I’ve been having these somewhat confusing dreams about wedding ceremonies gone wrong. In some of them I was the one getting married, and in others I was present at other people’s wedding. The commonality seemed to be that all the dreams had a lot of drama around them; drama about marrying the wrong person, or not wanting to get married and having to, for whatever reason. Mike says I’m getting cold feet. And it might as well be. I’ve always understood marriage to be HUGE commitment and as one ventures in, one has to comprise quite a lot; which might have been the reason I hadn’t really had the conviction of getting married before now. I take it seriously, too seriously perhaps, which could explain the nightmares.
Last night though, I had a different kind of dream. I was with Mike and some of my family, cousins, some friends too perhaps, and we were sorting something out, holding a discussion of some sort around something, that seemed to be banal, or at least from an outsiders perspective, it seemed trivial. And suddenly we hear this loud noise, we look back and this wave of people running, surrounded by bursts of fire, chaos, screaming and just complete mayhem was heading our way, like a tsunami taking over everything. In the dream, I quickly understood it as the end of the world, and the instinct was to run for dear life. In the dream, Mike took my hand and we started running away from this wave of madness that was taking over everything. I woke up, startled and a bit out of breath.
I’ve had chaotic dreams like this one before that turned out to be premonistic. So, I thought maybe if I shared this one, it wouldn’t happen. You know, like when you tell others your wishes they don’t come true, because you somehow jinxed them? Well, I thought, maybe if I shared this dream, I’d jinxed it too. So here it is. I have no desire for the world as we know it to end, not now and probably, not ever. The dream felt real in a way though, and it made me think about how if something like that happened right now, all our worries about petty little things would suddenly end, and shift to, literally running in order to stay alive.

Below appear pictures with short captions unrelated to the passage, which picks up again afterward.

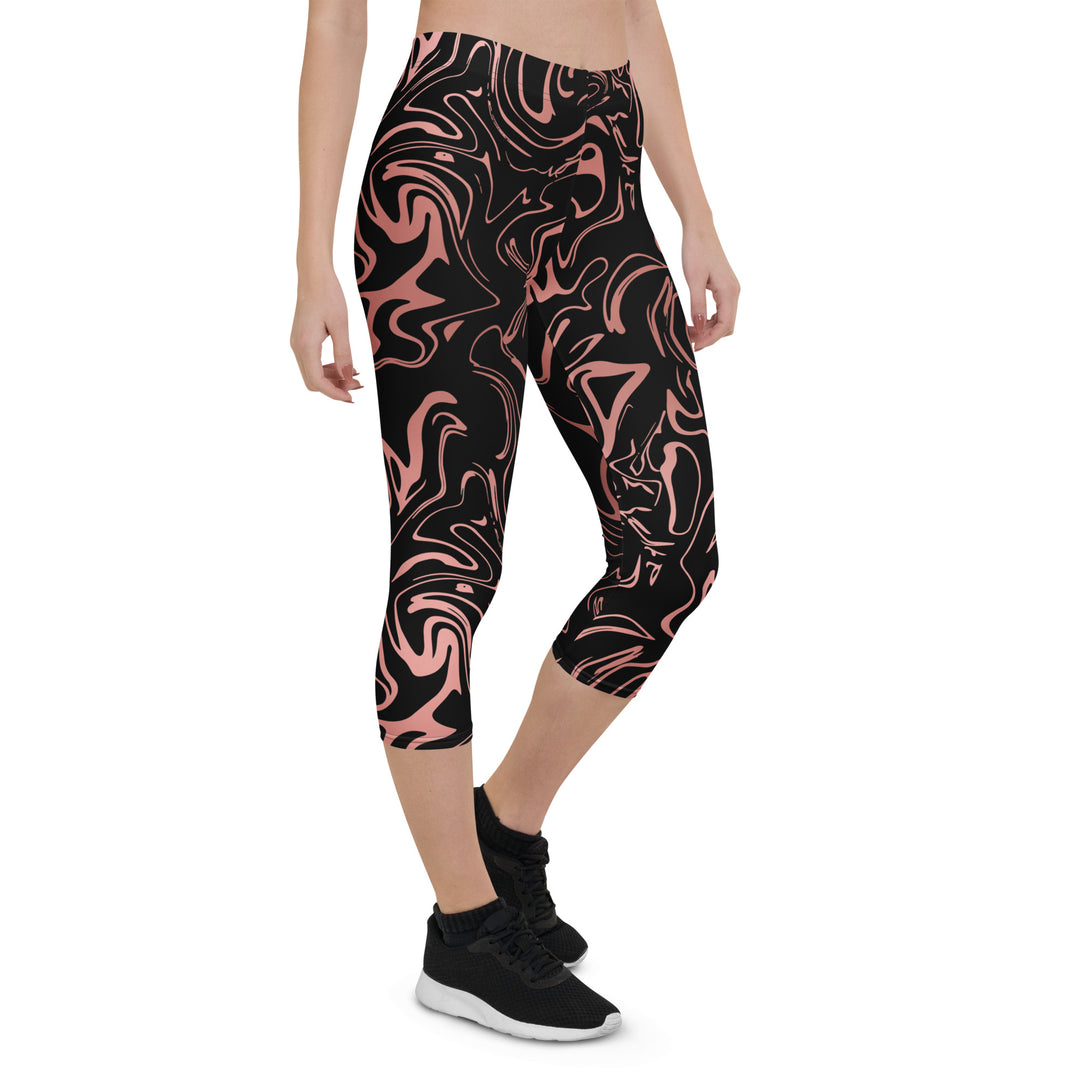 Golden Mirage Liquid Marble Capris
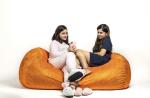 Ink Craft nest Bedding Giant Bean Bag Chair 6Ft Large Indoor Living Room Gamer Bean Bags Without Beans, Cushion Lounger (Without Beans) (Orange)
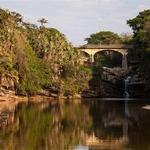 Uvongo beach and Lagoon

It gave me pause, for a minute there.
I do believe we, I, spend too much time consumed with the little things, the mundane, the material, the non-transcendental day-to-day aspects of life. But I don’t think we, I, need the world to go through such an awful event in order to gain perspective of what is truly important. Do you? Which is why I’m hoping this is not a premonistic dream, and just a wake-up call, to pay attention to the truly important things in life, for me: how we relate to and take care of our own and each others’ souls and spirit.
At the hair salon, the other day, I read in a Self magazine, an article by Deepak Chopra’s daughter Malaika. In it she shared her struggles to stay centered in what is truly important and how going back to meditating 10 minutes a day helped her gain back that perspective. I haven’t been meditating for quite some time now, and I think that was why reading that article rang so true for me. And now this dream, I think is trying to remind me to stay focus on what is meaningful in my soul’s experience in this life, and stop consuming myself with the minute, the mundane, and the inconsequential. Are you on that path? If so, how do you make sure you are taking care of your soul? I think I’m going to start meditating again. I can afford to invest 5 to 10 minutes a day on my soul; I definitely need it, look at all the signs!